With time the scars become more supple, and the hand regains its mobility, but occasionally I like to place one of a variety of splints on the hand, especially at night, to assist this process.

Dupuytrens surgery is reliable and predictable by and large, with few complications. Like all wounds, there is a small risk of bleeding or infection, but this is rare. Skin grafts very occasionally heal poorly and require further minor surgery, but this is most unusual. Injury to one of the small nerves of the hand can occur, especially in complex or recurrent cases, but again is unusual. This would produce some numbness in the fingertips that usually improves with time but may persist in slight degree for ever in a very few cases.

A more serious, albeit rare, complication of surgery is an unpredictable and poorly understood condition called reflex sympathetic dystrophy in which the hand swells, becomes red, and may develop a burning type of pain. This condition varies from very mild to severe, but can be treated if recognised early. Its cause is not known and it afflicts a very small percentage of cases, but in extreme forms can lead to stiffness of the hand.
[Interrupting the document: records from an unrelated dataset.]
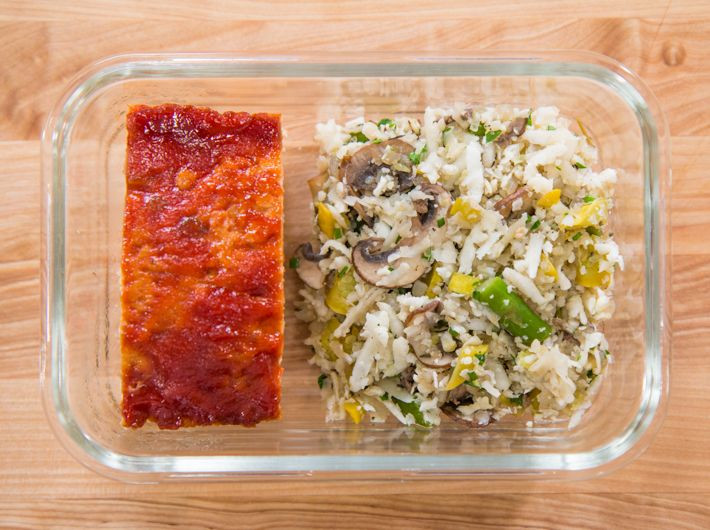 Low Calorie Meatloaf Recipe
 Low Calorie Turkey Meatloaf with veggie loaded
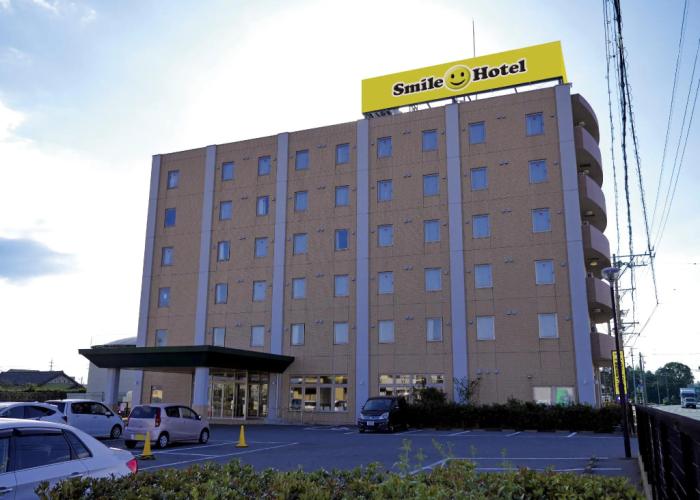 Smile Hotel Shizuoka Yoshida IC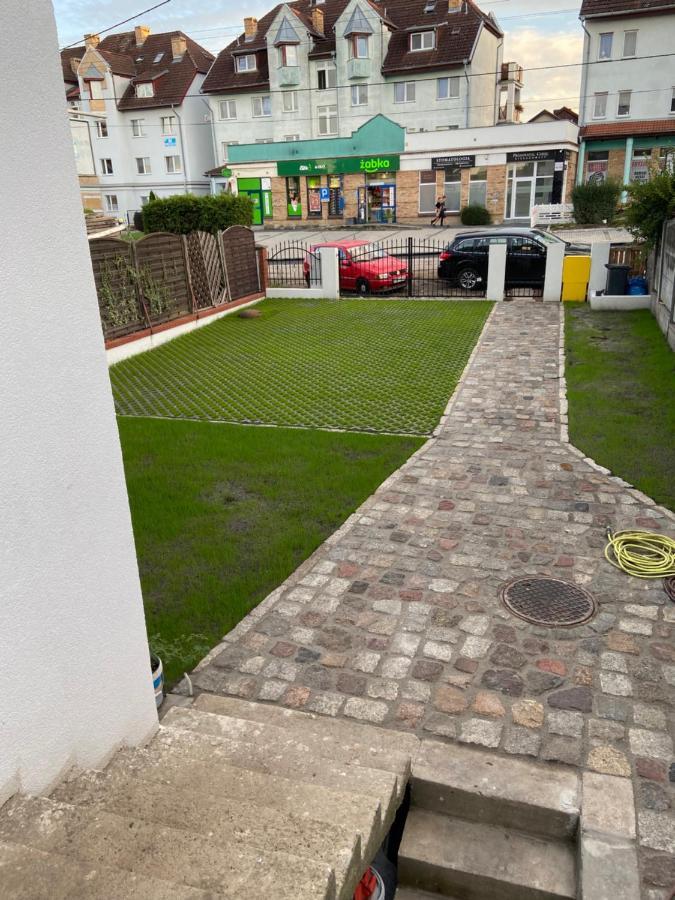 Apartamenty Bezrzecze Estetino Exterior foto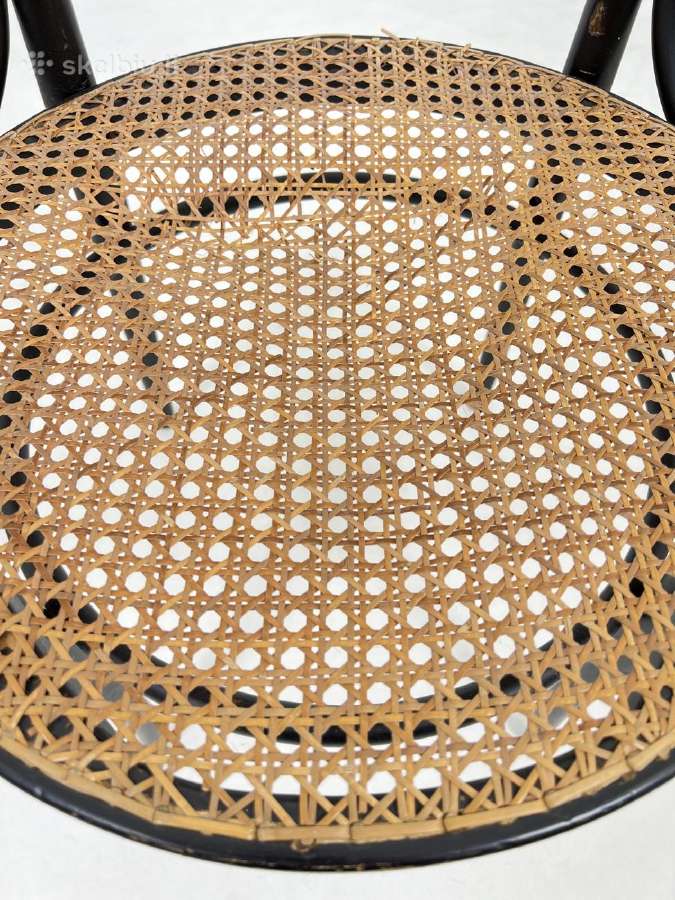 Thonet stiliaus krėslas - nuotraukos Nr. 6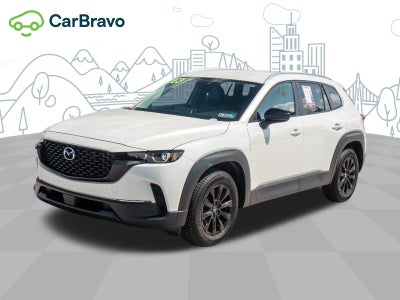 2024 Mazda Mazda CX-50 2.5 S Select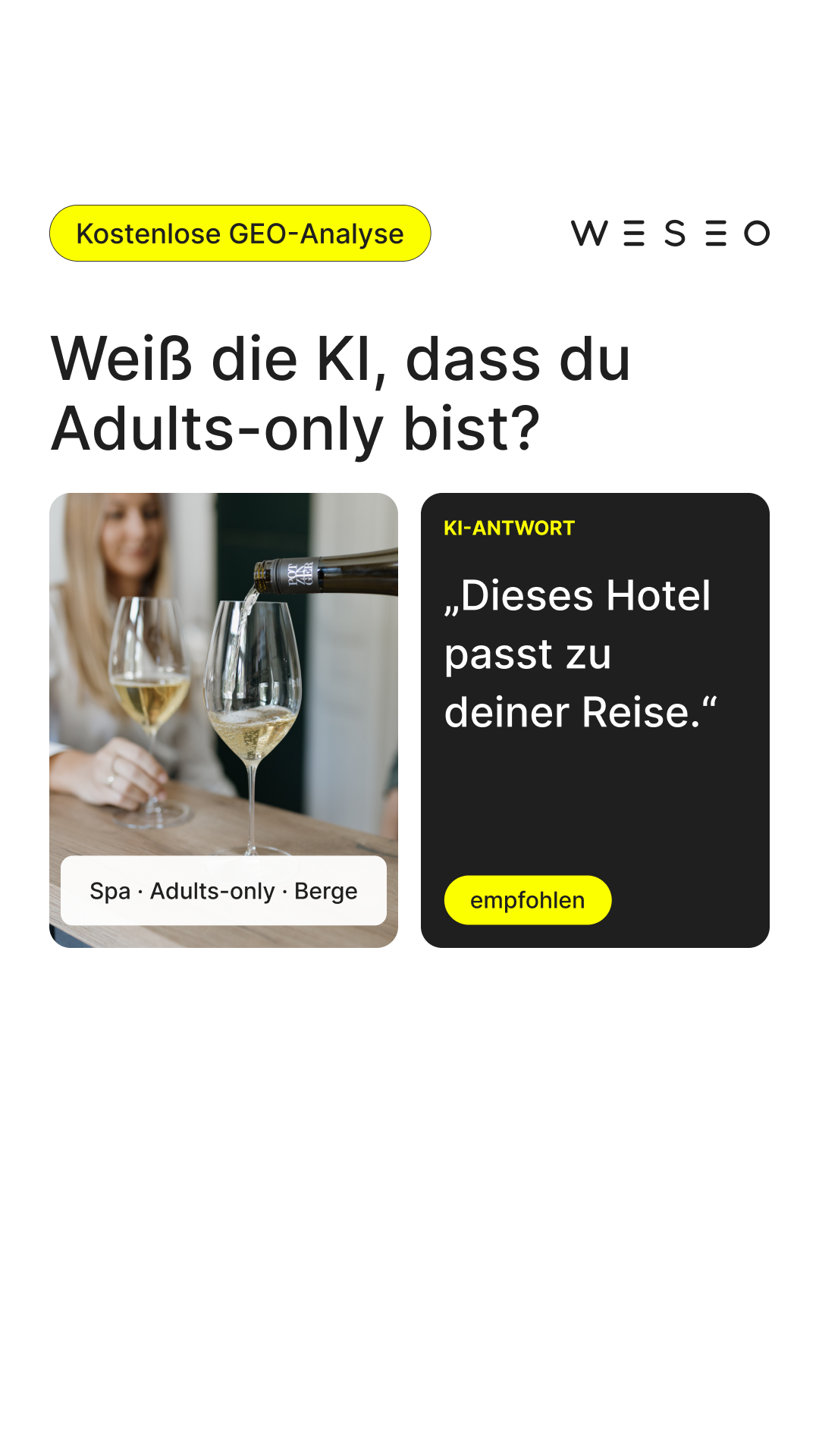 WESEO Facebook ad from Aug 12, 2026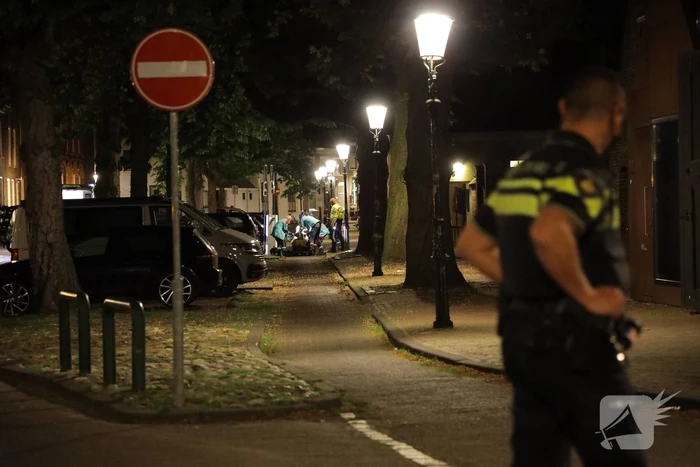 Scooterrijder zwaargewond door eenzijdig ongeval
I am always vigilant for signs of the condition and instigate treatment immediately in the very few patients that develop it.

Finally, complete correction of long standing or recurrent joint contractures cannot always be achieved, and for this reason, and because recurrence is common, I recommend that you report new disease as early as possible so that it can be carefully evaluated and monitored, and surgery planned at a stage when it is most effective.